Consumer Bankruptcy

Is It Too Early to File for Bankruptcy Outstanding Checks Written Pre-Petition Are Property of the Estate

By: Elisa M. Pickel
St. John's Law Student
American Bankruptcy Institute Law Review Staff

Recently, in In re Brubaker[1] a Florida bankruptcy court held that funds related to checks that had not cleared were property of the estate under section 541(a)(1) of the Bankruptcy Code.[2] In Brubaker, the debtors wrote several checks before filing for chapter 7 relief.[3] As of the filing date, these checks had not cleared, and therefore the funds remained in the debtors’ bank account.[4] The bankruptcy court rejected the debtors’ argument that these funds transferred on the dates that the checks were presented to the recipient, and thus were not property of the estate. Instead, the court noted that funds do not transfer until the checks are honored. Thus, the court held that funds remaining in the account were property of the estate since the debtors’ bank had not honored the checks.

Court Denies Trustees Attempt to Revoke Section 554(c) Abandonment

By: Justin Zaroovabeli
St. John's Law Student
American Bankruptcy Institute Law Review Staff

Recently, in In re Reiman,[1] a Michigan bankruptcy court held that a trustee could not revoke abandonment of property that he later discovered to have additional value.[2] The Reimans, the debtors, listed both their house’s value and a secured claim above their house’s value on their chapter 7 schedules.[3] After the trustee filed his no-asset report, the bankruptcy case closed and the debtors received a discharge.[4] The property eventually foreclosed at a bid price below the house’s fair market value and the trustee moved to re-open the case to recover any additional value in the house.[5] Although the court re-opened the case,[6] the court denied the trustee’s motion to revoke abandonment because the trustee’s no asset-report was not influenced by an unforeseeable change or mistake of law.[7] The court also noted that policy considerations typically favored finality in bankruptcy cases.[8]

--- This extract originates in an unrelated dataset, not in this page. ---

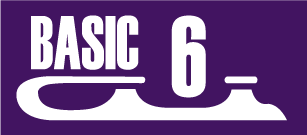 Basic 6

Disclosure of Social Security Number Does Not Give Debtors a Private Right of Action

By: Rebecca Rose
St. John’s Law Student
American Bankruptcy Institute Law Review Staff

Recently, in Matthys v. Green Tree Servicing, LLC (In re Matthys),[1] a bankruptcy court held that a debtor does not have a private right of action against the creditor who listed the debtor’s full social security number on its proof of claim. This holding is consistent with what the majority of courts have held in similar cases.[2] While the joint debtors in Matthys sought relief under various statutes, including Bankruptcy Code sections 105 and 107,[3] the court found that no private right of action existed. 

Overpaid Taxes Need Not be Turned Over to the Estate Under Section 542(a)

By: Christopher J. Rubino
St. John’s Law Student
American Bankruptcy Institute Law Review Staff

In Weinman v. Graves (In re Graves)[1], the Tenth Circuit held that section 542(a)[2] does not permit a chapter 7 trustee to force the IRS to turnover overpaid taxes of joint debtors where the debtors elected to apply the overpayment to the next year’s tax liability.  In Graves the joint debtors elected to apply their 2006 tax refund to their 2007 tax liability.[3]  Two months after filing their tax returns, the debtors filed for bankruptcy.[4] The Tenth Circuit affirmed the bankruptcy court’s refusal to order the IRS to turnover the debtors’ 2006 tax refund under section 542(a).[5]